Records from a dataset:

———

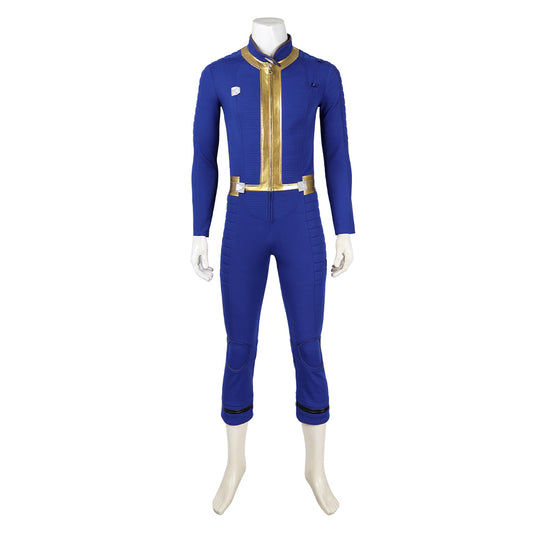 Fallout 4 Vault 75 Combinaison d'Abri Homme Cosplay Costume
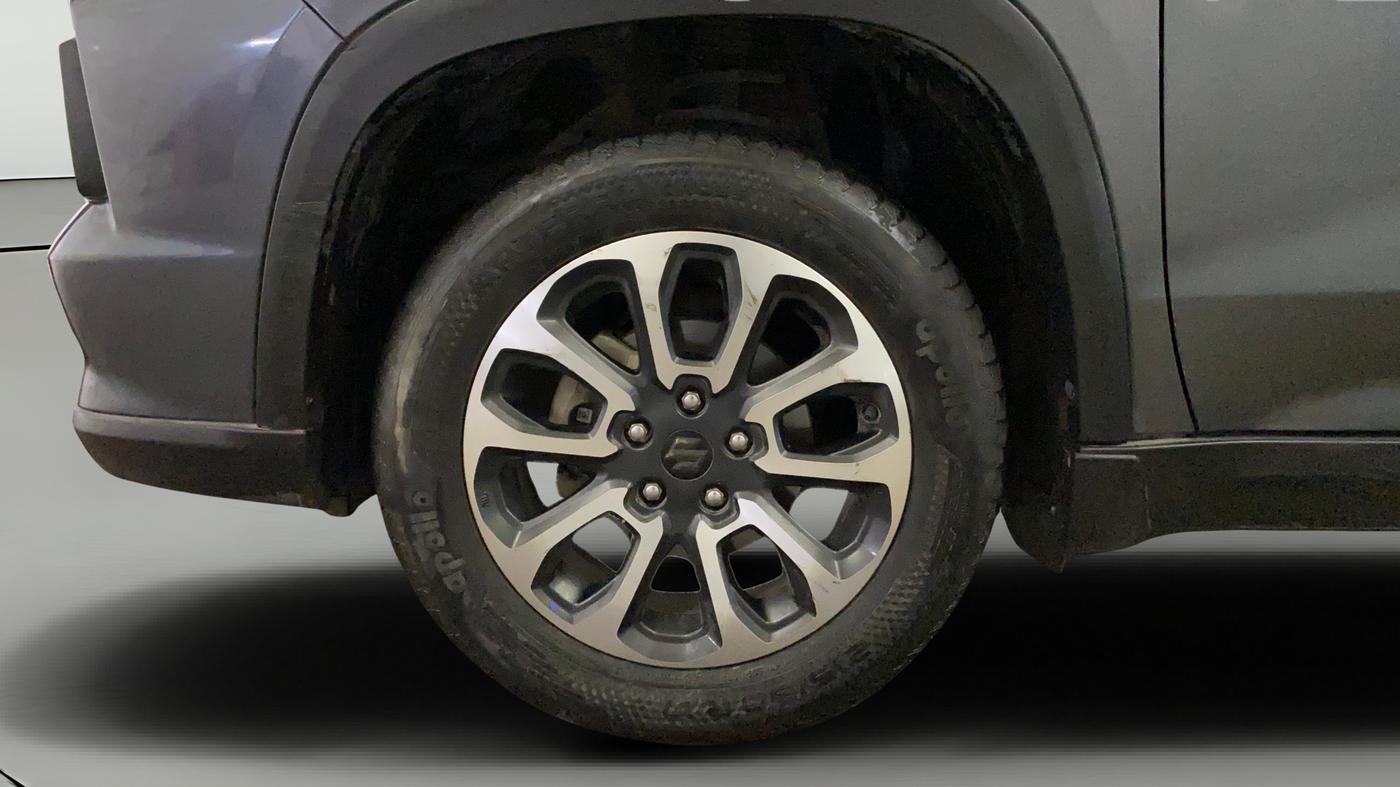 2023 Maruti Grand Vitara ALPHA SMART HYBRID, Petrol, Manual, 75,164 km, Left Front Wheel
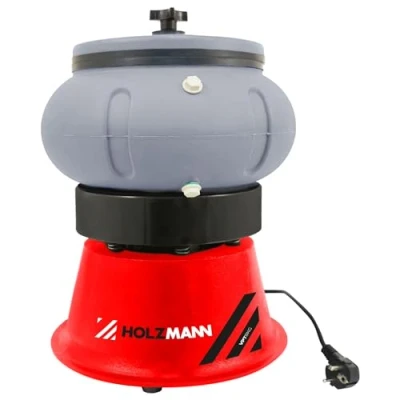 Image of Holzmann Red VPT8KG Vibrating Polishing Drum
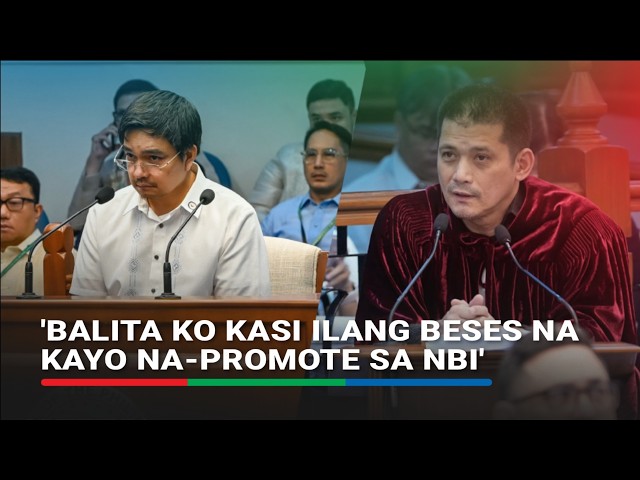 'Promotion ba 'yan?' Robin questions Lotoc's position in NBI | ABS-CBN News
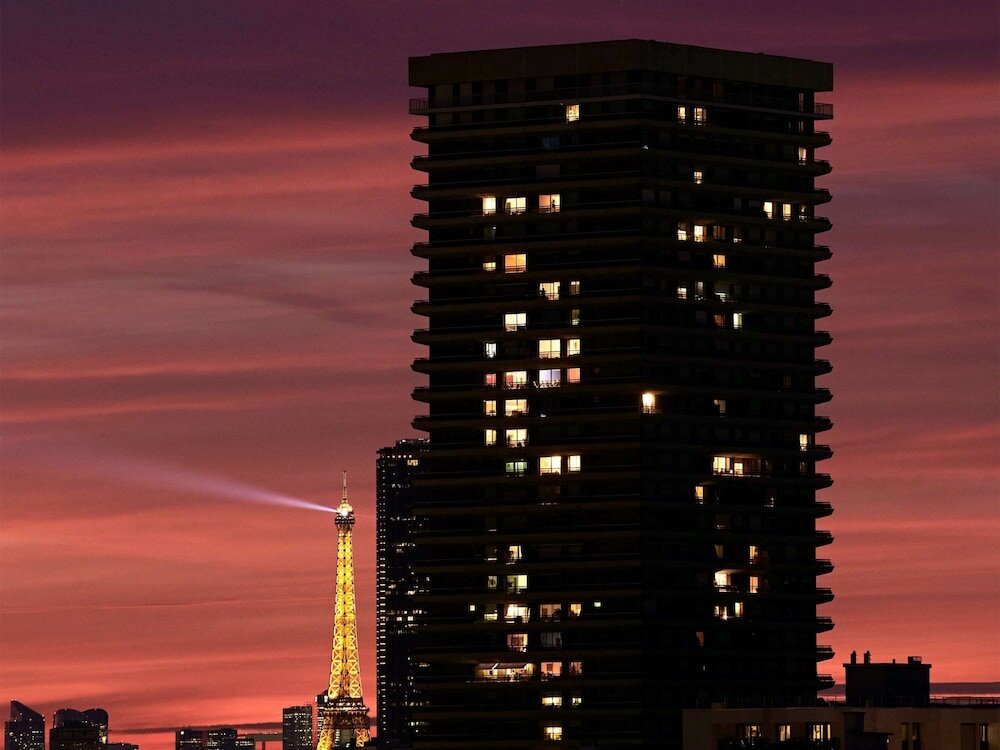 Фото Novotel Paris 13 Porte d'Italie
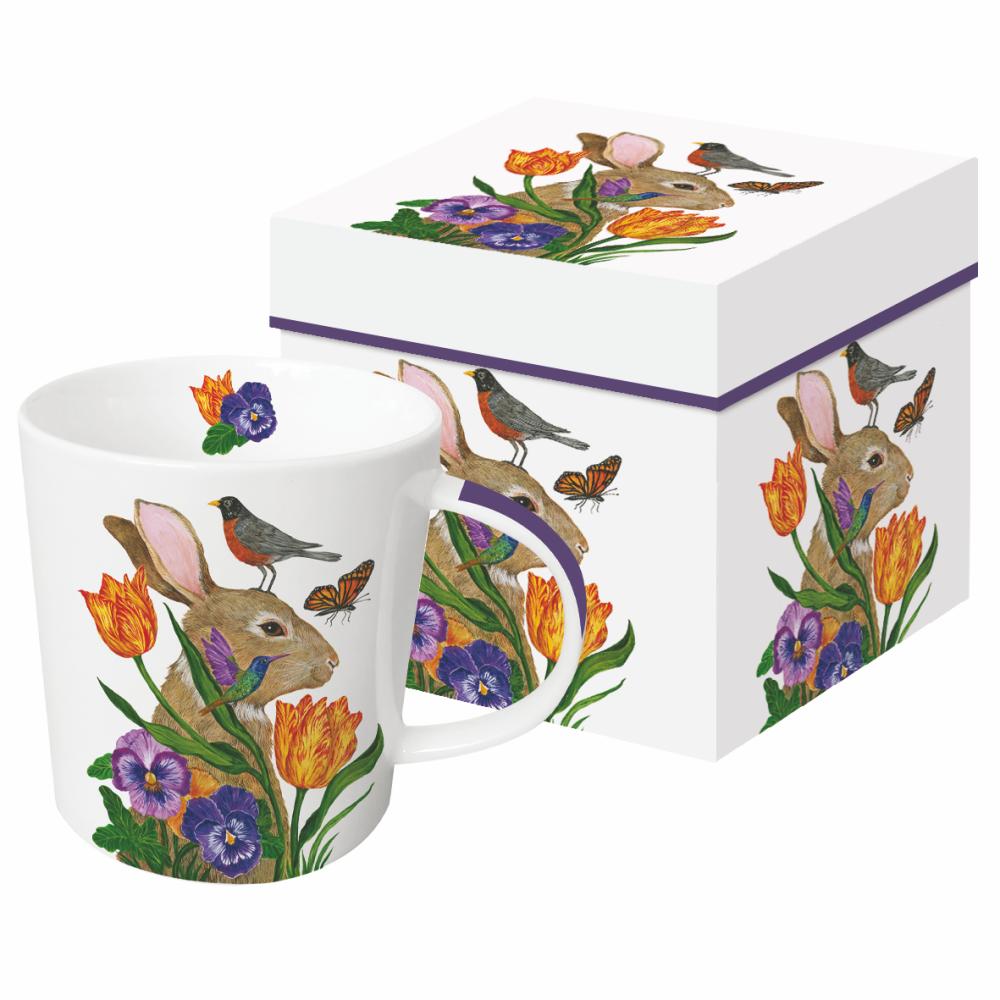 Bunny Buddies Gift-boxed Mug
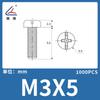 Tornillos Lianyang de Nylon con Cabeza Redonda Phillips M3-M8 Tornillos de Cabeza Plana Phillips Pernos Plásticos Aislados Fabricante
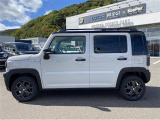 スズキ ハスラータフワイルドターボ 4WD/届出済未使用車/ツートーンカラー/全方位モニター付メモリーナビゲーション・スズキコネクト対応通信機装着車/サイドミラー&シートヒーター/ハンドルスイッチ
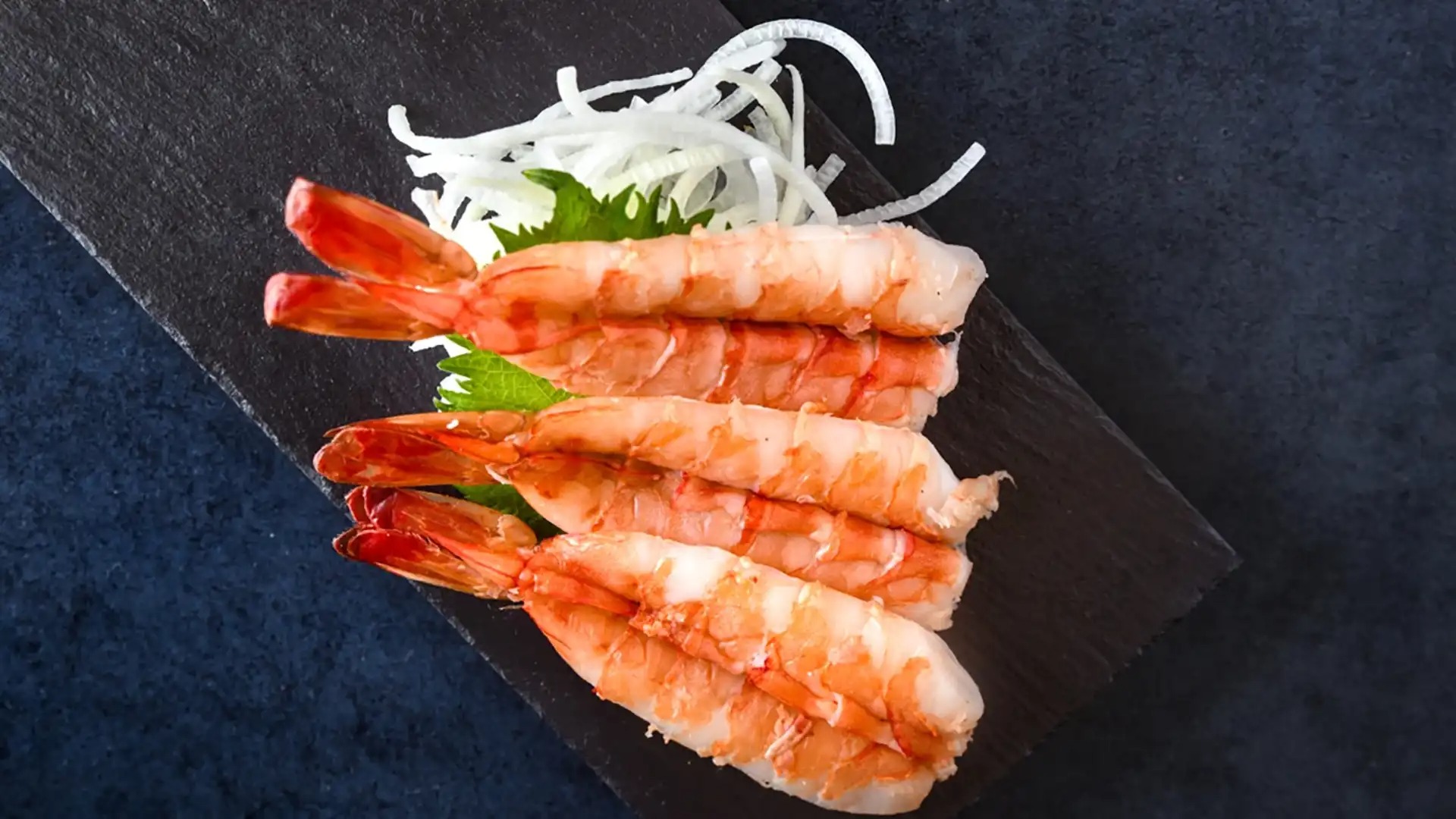 Order Shrimp Sashimi food online from Izumi Japanese Steak House & Sushi Bar store, Windsor Locks on bringmethat.com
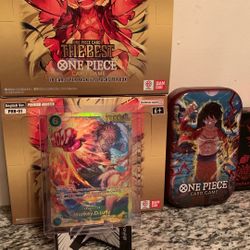 Monkey D Luffy One Piece Full Art Holo 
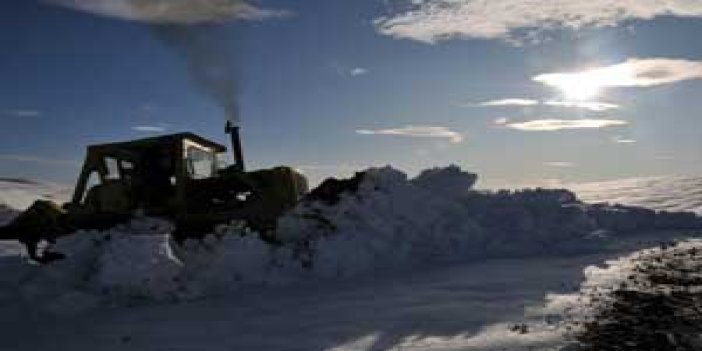 Yayla yolları açıldı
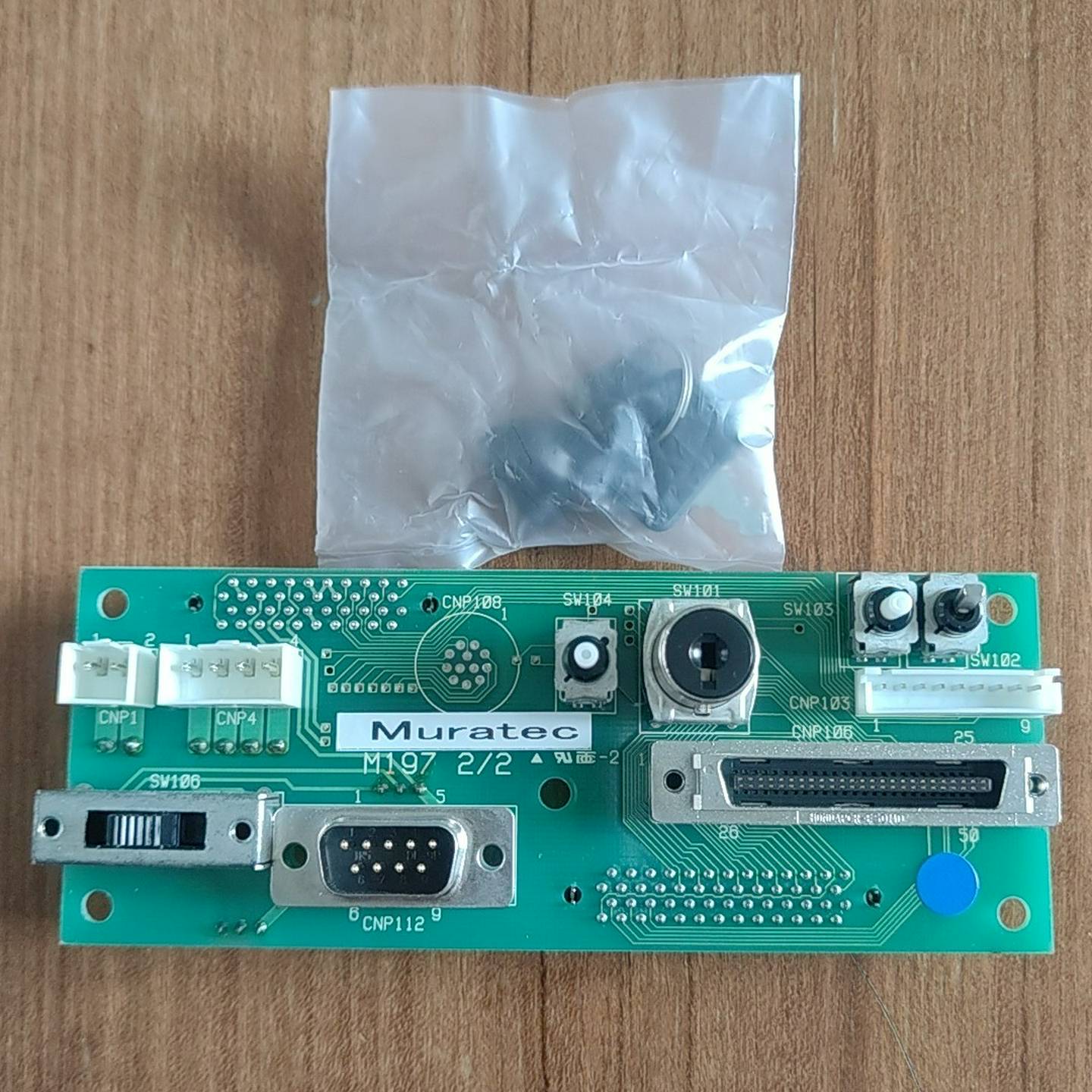 Muratec M197 2/2  810301操作界面PC{议价}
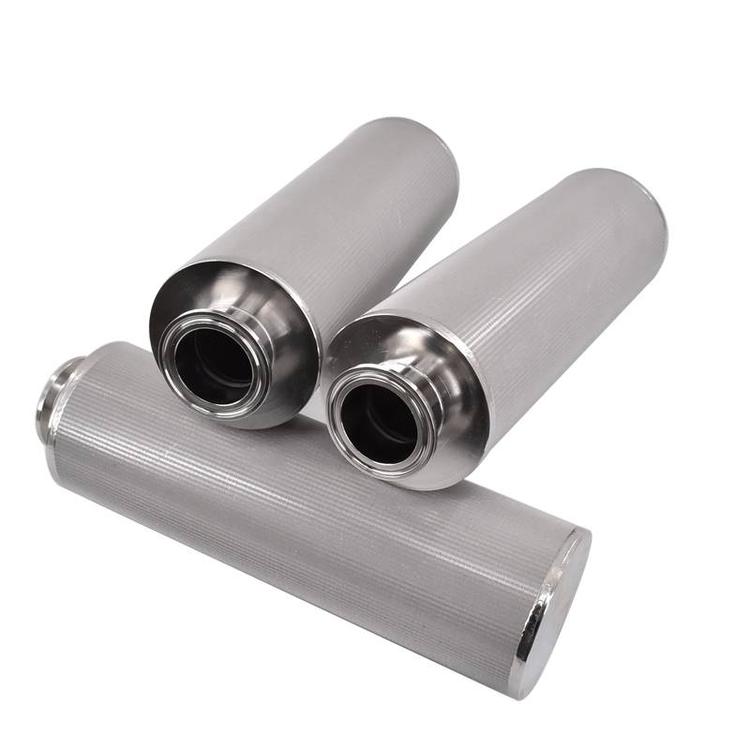 Filter element for chemical industry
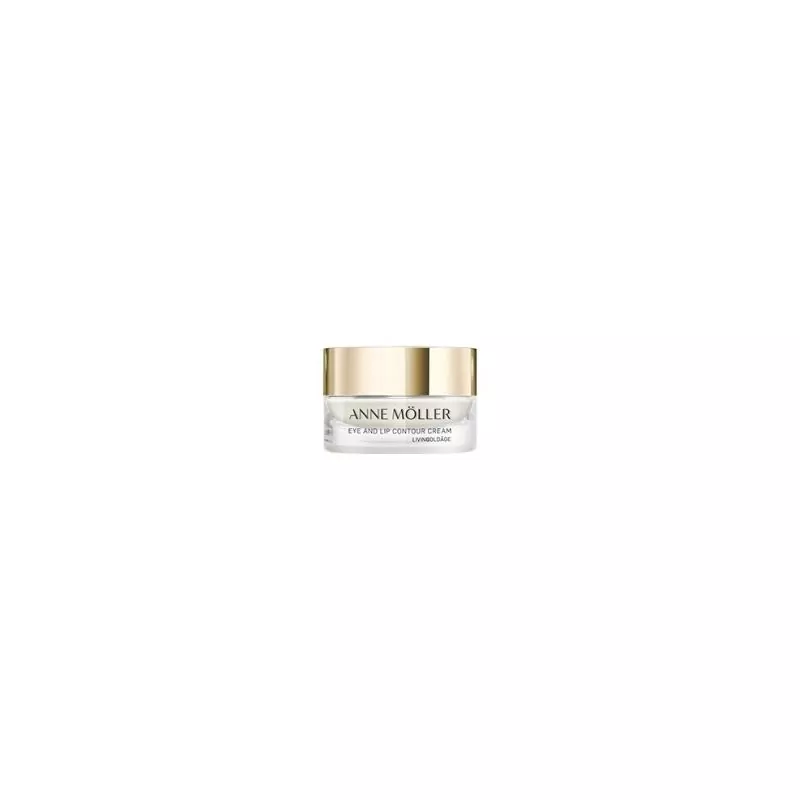 Konturovací krém na oči a rty Livingoldâge (Eye & Lip Contour Cream) Anne Möller - 15 ml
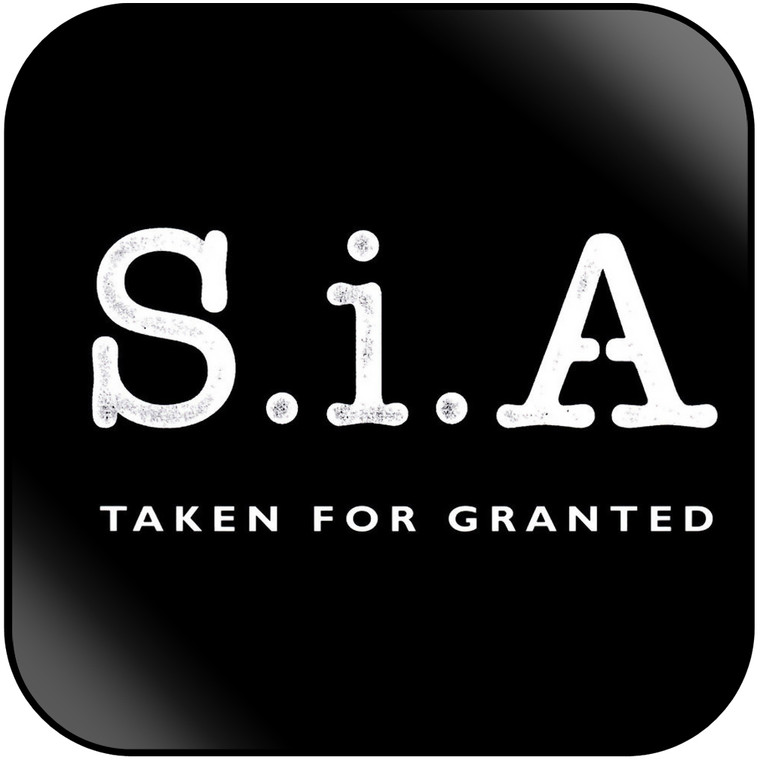 Sia Taken For Granted Album Cover Sticker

———

What is expected
Once the images are removed, print the remaining data exactly as it appears above.

Answer below
 Fallout 4 Vault 75 Combinaison d'Abri Homme Cosplay Costume
 2023 Maruti Grand Vitara ALPHA SMART HYBRID, Petrol, Manual, 75,164 km, Left Front Wheel
 Image of Holzmann Red VPT8KG Vibrating Polishing Drum
 'Promotion ba 'yan?' Robin questions Lotoc's position in NBI | ABS-CBN News
 Фото Novotel Paris 13 Porte d'Italie
 Bunny Buddies Gift-boxed Mug
 Tornillos Lianyang de Nylon con Cabeza Redonda Phillips M3-M8 Tornillos de Cabeza Plana Phillips Pernos Plásticos Aislados Fabricante
 スズキ ハスラータフワイルドターボ 4WD/届出済未使用車/ツートーンカラー/全方位モニター付メモリーナビゲーション・スズキコネクト対応通信機装着車/サイドミラー&シートヒーター/ハンドルスイッチ
 Order Shrimp Sashimi food online from Izumi Japanese Steak House & Sushi Bar store, Windsor Locks on bringmethat.com
 Monkey D Luffy One Piece Full Art Holo 
 Yayla yolları açıldı
 Muratec M197 2/2  810301操作界面PC{议价}
 Filter element for chemical industry
 Konturovací krém na oči a rty Livingoldâge (Eye & Lip Contour Cream) Anne Möller - 15 ml
 Sia Taken For Granted Album Cover Sticker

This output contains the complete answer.